Free-will is a confused concept.

The definition of free-will as ‘being able to choose between right and wrong’ is, I believe, a mistake. No person can choose between right and wrong, they simply must judge between the possibilities which are apparent to them, and whichever to them seems to fit their own definition of ‘right’ is the one that they choose. Therefore, a man may rape someone, but he has not chosen to do ‘wrong’, rather his understanding of right was ‘what is most beneficial to me’, not ‘what is most beneficial to everyone involved’.
What I mean is that free-will is not ‘freedom to choose between right and wrong’, but ‘freedom from objectivity’, in that a man does not do evil not for evil’s sake, but because he has judged that it is the good.

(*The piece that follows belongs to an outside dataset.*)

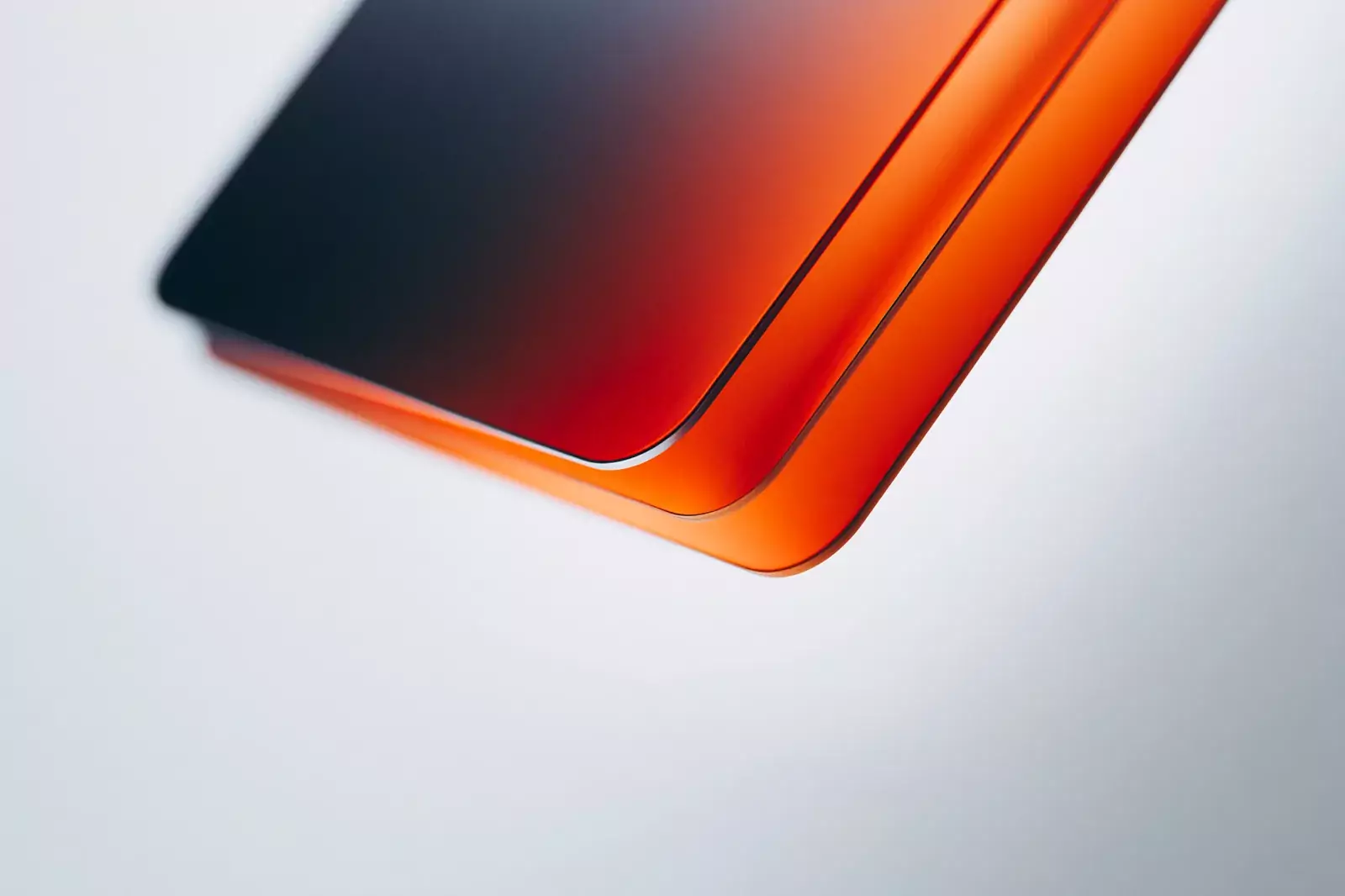 Painted steel panels resting on a bench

To knowingly choose between right and wrong, one would have to know exactly what these were. Humans do not.
Therefore, free-will is not being free to do right and wrong, but being free from knowing the objective right and wrong. Free-will, then, is subjectivity.
According to this definition, free-will is inevitable to any creature which is not absolutely objective and all-knowing. The religious question of why God gave man free-will is a bit foolish, it seems to me. Because if it were any other way, that is, if man were objective, then he would be God, and there would be no man. Therefore, man can only have free-will, otherwise he does not exist as man. God could only have created man with free-will, otherwise he would be creating himself.

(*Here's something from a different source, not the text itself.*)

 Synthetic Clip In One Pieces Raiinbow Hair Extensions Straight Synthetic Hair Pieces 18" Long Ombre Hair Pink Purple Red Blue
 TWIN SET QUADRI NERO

This may be nonsense, but I was just thinking it over, and thought I may as well post it to see what other people think.

the morality issue of free will is explained by the belief that a rational agent or at least ultimately rational agent (god) would surely be moral ( :laughing: ). i have yet to conclude this for myself.

i deem morals to be sophisticated methods of preserving self comfort due to an evolution designed trait of “helping thy neighbor”. we feel bad when we are unmoral, so we are motivated to be moral. a consequence of this is more babies for all.

i agree in your definition of free will so far as free will should be defined as the limit of possible actions available, the illusory morals may or may not be considered.